▶ _PROBLEM_:
Starting at the line that contains "VIDEO: Fiesta patronal", reproduce every line through the end of the entries below, with no pictures in the copy.

▶ _MATERIAL TO PROCESS_:

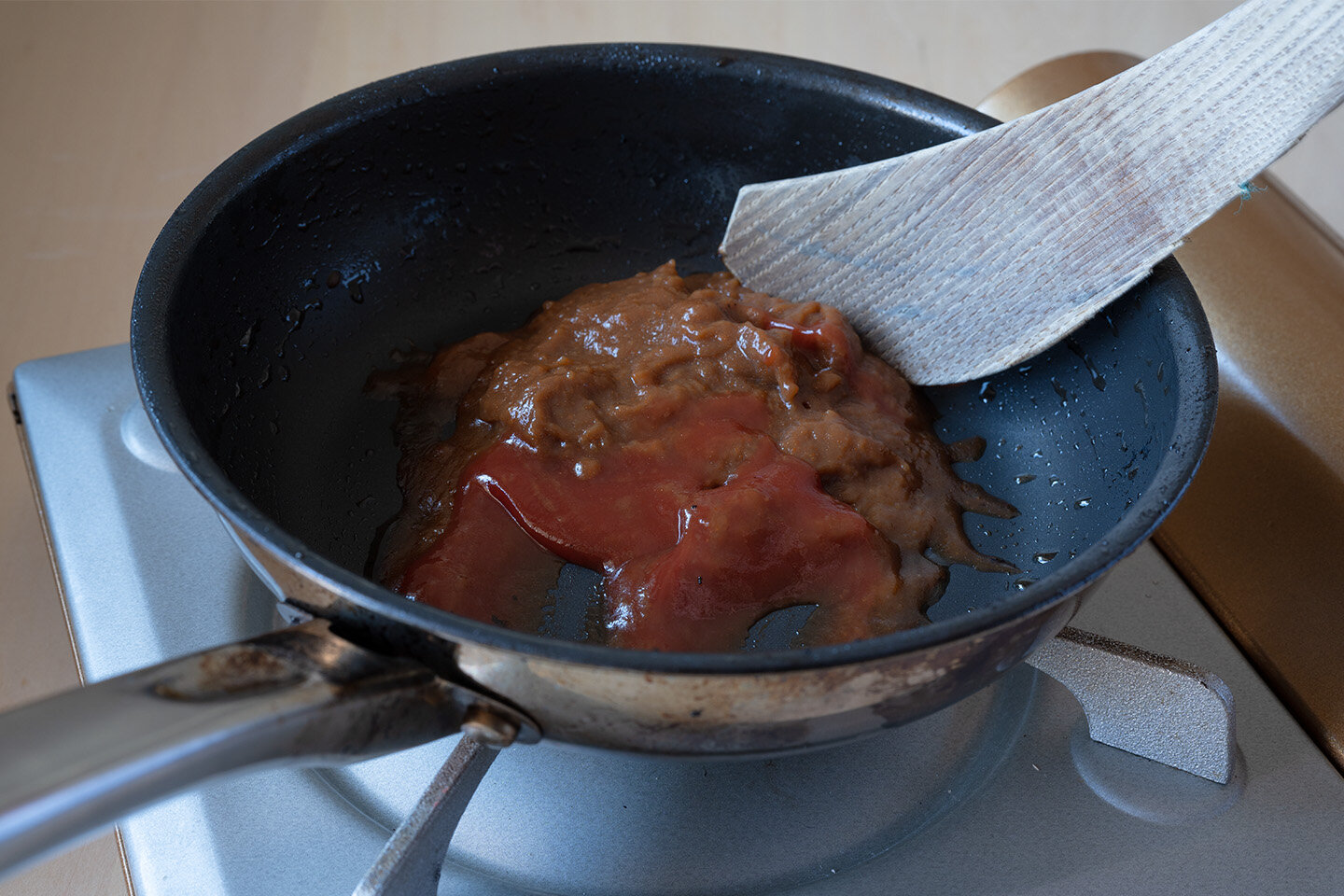 肉から出た脂をペーパータオルで拭き取り、Bを入れて混ぜ、中火でひと煮立ちさせてソースを作る。2のハンバーグにかけ、クレソンを添える。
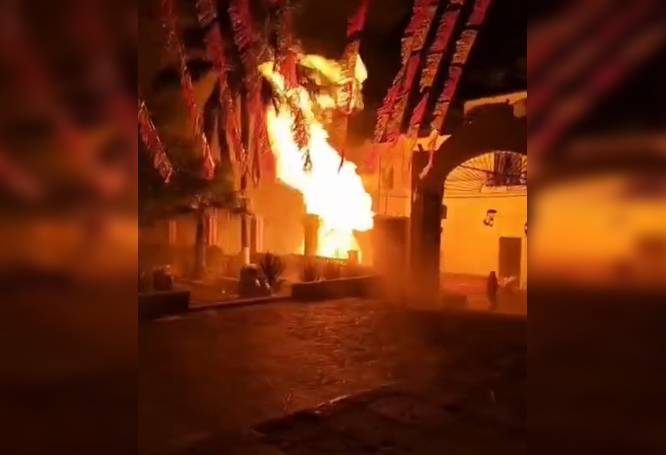 VIDEO: Fiesta patronal termina en tragedia; señora muere tras explosión por pirotecnia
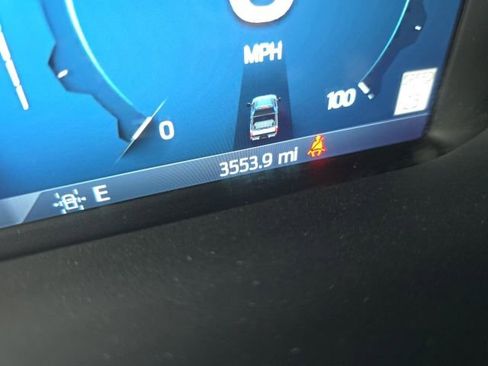 Certified 2025 Ford F250 Platinum image 16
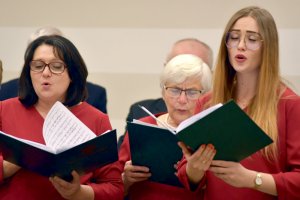 Na zdjęciu chór występujący na spotkaniu.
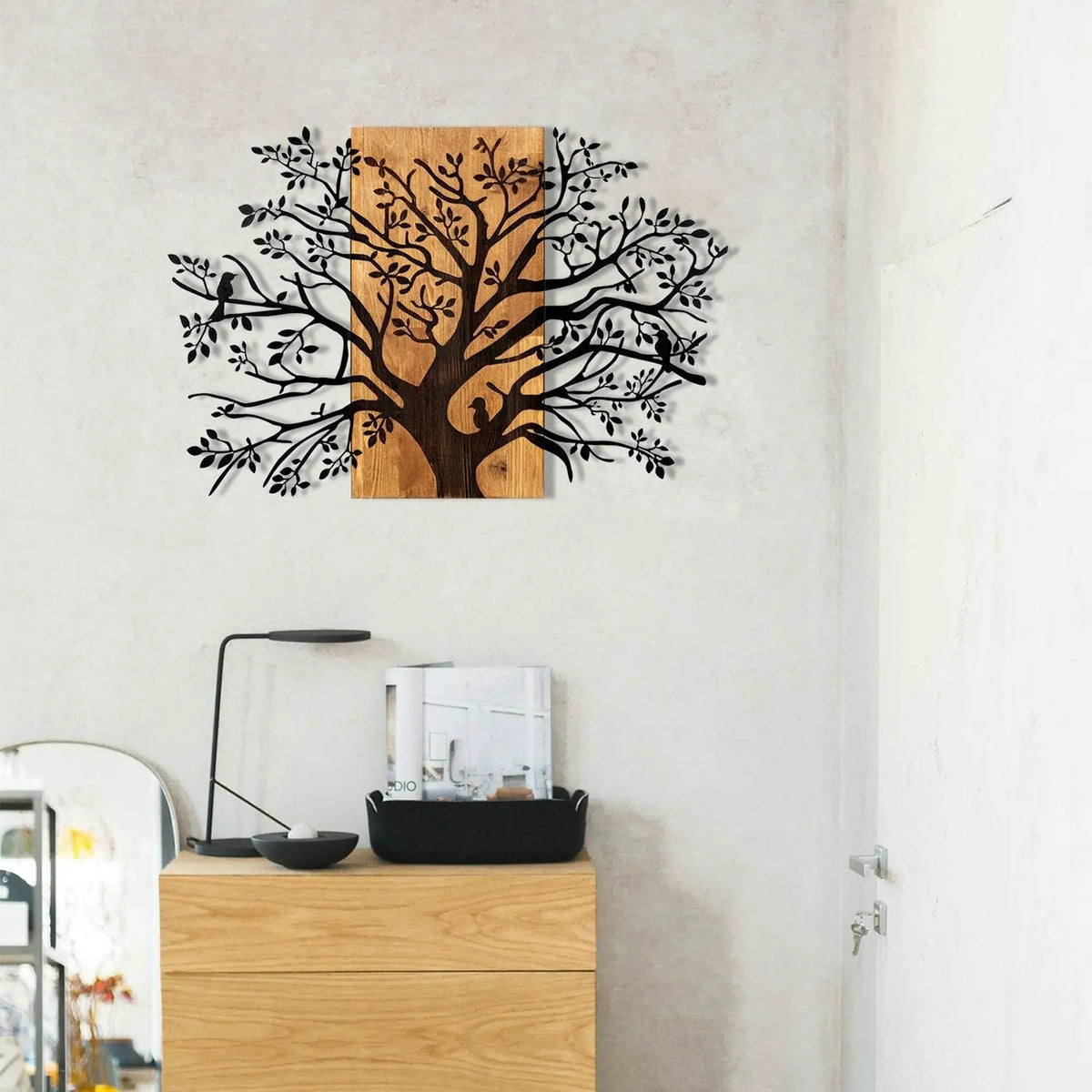 Decoratiune perete KAVAK, negru/stejar, metal/lemn, 85x58 cm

▶ _RESULT OF THE EXERCISE_:
 VIDEO: Fiesta patronal termina en tragedia; señora muere tras explosión por pirotecnia
 Certified 2025 Ford F250 Platinum image 16
 Na zdjęciu chór występujący na spotkaniu.
 Decoratiune perete KAVAK, negru/stejar, metal/lemn, 85x58 cm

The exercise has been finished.